Patients and methods

Procedure

Before participation, staff members were informed concerning the sleep training via email from the university health service. In addition, interested participants were invited to participate in a kick-off meeting and were sent an information video about the sleep self-learn training. Exclusion criteria were somatic/medication reason for sleep problems. Prior to participation of the training each individual gave their written informed consent. It was advised to finish the self-learn training modules within 7 weeks. Participants had to complete one module before starting the next module (modules described in detailed in Table 1). The modules were structured into four topics—sleep, stress, mindfulness and well-being. Within each of the topics there was a set order of the modules. After each module, participants were asked to give feedback for the module based on the evaluation questionnaires. After 6 weeks participants were reminded to finish the modules and in week 7 an online postinterview was assessed.

Table 1 Contents of the prevention training

Participants

Addressed were university staff members reporting sleep problems or suffering from impaired sleep quality. A total of 15 adults participated in this pilot study; all of them were female. Twelve participants completed pretests and 9 completed pre- and posttests. The age of the participants ranged from 25–63 years, with a mean of 42 years. Daytime impairments were reported by all of the participants. Most participants reported significant sleep problems (8 had PSQI score above 5, one person a PSQI score of 5).

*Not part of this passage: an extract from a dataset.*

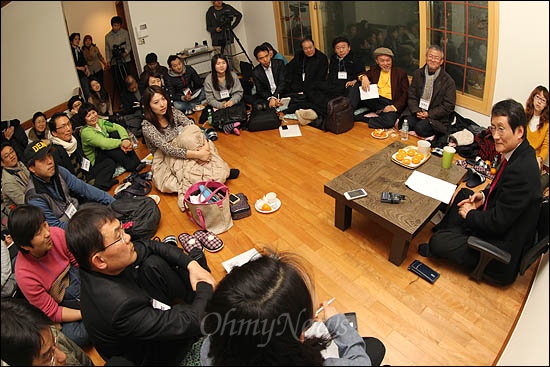 2월 1일 저녁 서울 서교동 마당집에서 열린 오마이뉴스 10만인클럽 사람도서관에 초대된 문성근 민주통합당 최고위원이 현실 정치에 뛰어들기까지의 이야기를 풀어내고 있다.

The training was held as online self-learning training without personal or phone contact during training. Diagnostic implementation, construction of prevention training modules and exercises were conducted according to standard ethical guidelines as defined by the Declaration of Helsinki; the study was approved by the ethics committee of Bielefeld University.

Measurements

Pittsburgh Sleep Quality Index (PSQI)

The PSQI was used to assess the subjective sleep quality retrospectively over the past 4 weeks. It consists of 19 items, which are used for a quantitative analysis. Patients’ responses are allocated to a global score, which can range between 0 and 21, and 7 subscales: sleep quality, sleep latency, sleep duration, habitual sleep efficiency, sleep disturbances, use of sleep medication, and daytime dysfunction. Global scores below six represent good sleepers, between six and ten impaired sleepers, and above ten chronic sleep disorders. Based on the reliability coefficients of 0.77 to 0.83 and high specificity and sensitivity in identifying patients with sleep disorders (>80%), the PSQI can be classified as a valid and reliable instrument [3, 6, 11].

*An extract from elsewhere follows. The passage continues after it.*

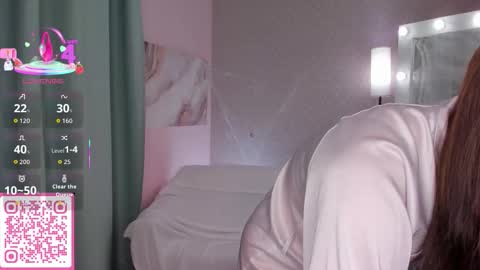 Snapshot of angelic_pricess chatting on 10-24-25, 02:08 Emma online show from 10-24-25, 02:08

Online Sleep Treatment Acceptance Questionnaire (OSTA)

To evaluate the acceptance of all contents of the online training, we constructed a specific questionnaire following Schlarb and Brandhorst, [20]. The questionnaire was constructed with regard to the following areas: first, to assess the acceptance of the contents of the treatment and technical issues; second, to provide an evaluation of the training; finally, they had space for remarks and recommendations concerning the training. The questionnaire contained 8 questions; seven questions were based on Schlarb and Brandhorst (2012). Participants rated on a five-point Likert scale (1 = completely applies to me, 2 = rather applies to me, 3 = I don’t know, 4 = rather doesn’t apply to me, 5 = doesn’t apply to me at all).

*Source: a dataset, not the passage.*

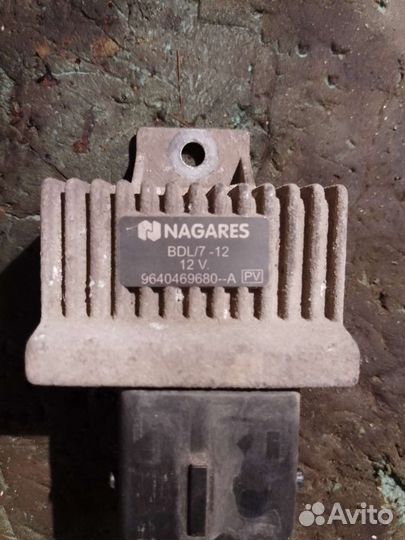 Реле свечей накала Меган 2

Online Sleep Treatment Feedback Questionnaire (OSTF)

In addition to the above-mentioned OSTA questionnaire, participants were also asked to fill in the OSTF. This questionnaire contained 2 questions for every video and interactive element of the program, regarding the technical aspects and usefulness of the online training. Participants rated the items on a five-point Likert scale (1 = very much, 2 = much, 3 = moderate, 4 = little, 5 = none).

Online Sleep Treatment Evaluation Questionnaire (OSTE)

After the program, participants were asked to fill in the OSTE. This questionnaire contained 6 questions regarding the overall evaluation of the online training. Participants rated the items on a five-point Likert scale (Depending on the question: very good/very much = 1 good/much = 2 moderate/a little = 3 bad/little = 4 very bad/nothing = 5).

Feedback interview

After training, an online interview was implemented (1 h) to assess further qualitative data concerning structure, time, contact possibilities and other aspects beyond sleep parameters. One part of the interview was structured, whereas the second part was not structured. Two of the authors independently wrote a protocol.

Online prevention and early intervention adaptation (iCBT-I prevention for adults)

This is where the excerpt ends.